You are running Splunk Connect for Kubernetes (SCK) 1.4.9 and want to migrate to Splunk OpenTelemetry Collector for Kubernetes. Previous versions of the SCK are out of scope, but this guide still applies. You might encounter some version specific issues (such as missing/changed config options) but that shouldn't prevent you from proceeding with migration.
SCK has 3 components/applications:
- Logs, metrics, and traces from a Kubernetes cluster (deployed as a DaemonSet)
- Application to fetch cluster metrics from a Kubernetes cluster (deployed as a deployment)
- Application to fetch Kubernetes objects metadata from a Kubernetes cluster (deployed as a deployment)
All SCK applications use Fluentd to work with logs, metrics, and objects.
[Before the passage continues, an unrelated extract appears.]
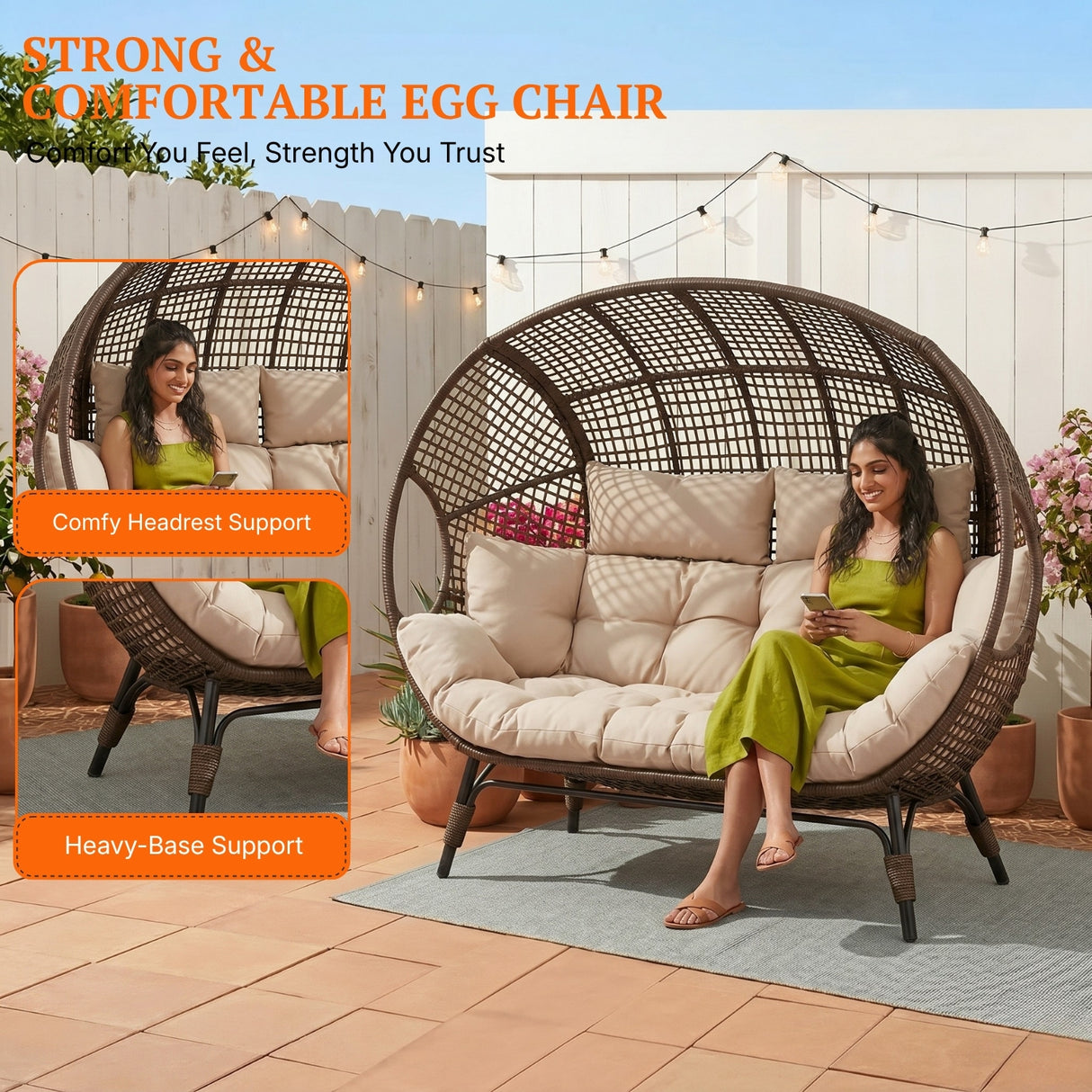 Outdoor Rattan Wicker Double Seater Egg Chair (Dark Brown & Cream)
Fluentd has significant performance issues when used to fetch logs in a Kubernetes cluster with pods that have very high throughput.
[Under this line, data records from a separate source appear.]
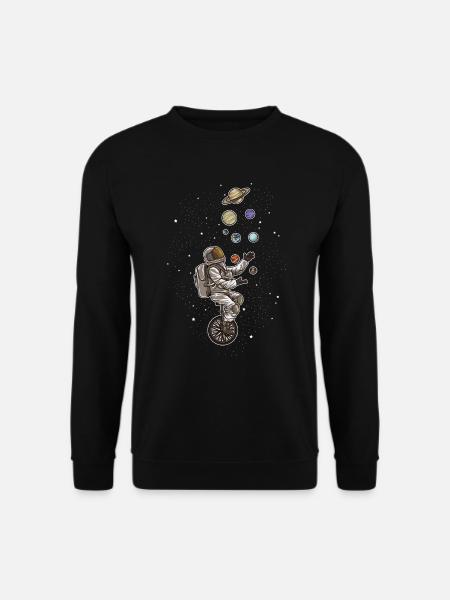 Astronaut jongliert Planeten auf einem Einrad - Unisex Pullover - Schwarz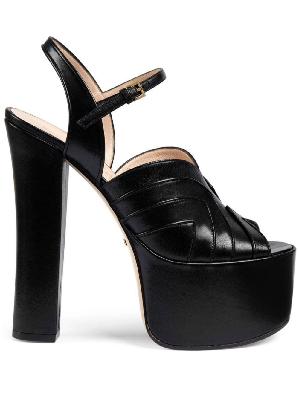 Gucci - Black 155 Leather Platform Sandals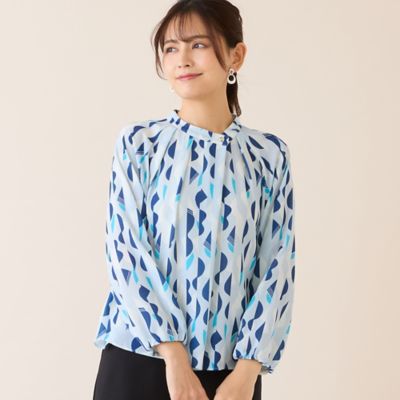 洗える・セットアップ可】幾何柄ギャザーブラウス（12031632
Splunk OpenTelemetry Collector for Kubernetes provides significant performance improvements over the SCK through use of the OpenTelemetry Collector agent and native OpenTelemetry functionality for logs collection rather than Fluentd. See Performance of native OpenTelemetry logs collection to learn more about the performance characteristics of this new application.
Splunk OpenTelemetry Collector for Kubernetes has the following components and applications:
- Splunk OpenTelemetry Collector Agent (
agent) to fetch logs, metrics, and traces from a Kubernetes cluster (deployed as a Kubernetes DaemonSet) - Splunk OpenTelemetry Collector Cluster Receiver (
clusterReceiver) to fetch metrics from a Kubernetes API (deployed as a Kubernetes 1-replica Deployment) - Optional Splunk OpenTelemetry Collector Gateway (
gateway) to forward data through it to reduce load on Kubernetes API and apply additional processing (deployed as a Kubernetes Deployment)
- Red Hat Universal Base Image (UBI) Docker images for our applications are no longer available, as we now use scratch images.
- AWS FireLens is not supported.
- The naming convention of the metrics used in Splunk OpenTelemetry Collector for Kubernetes follows the OpenTelemetry specification and is different than SCK. You will observe minor differences in the names of the metrics.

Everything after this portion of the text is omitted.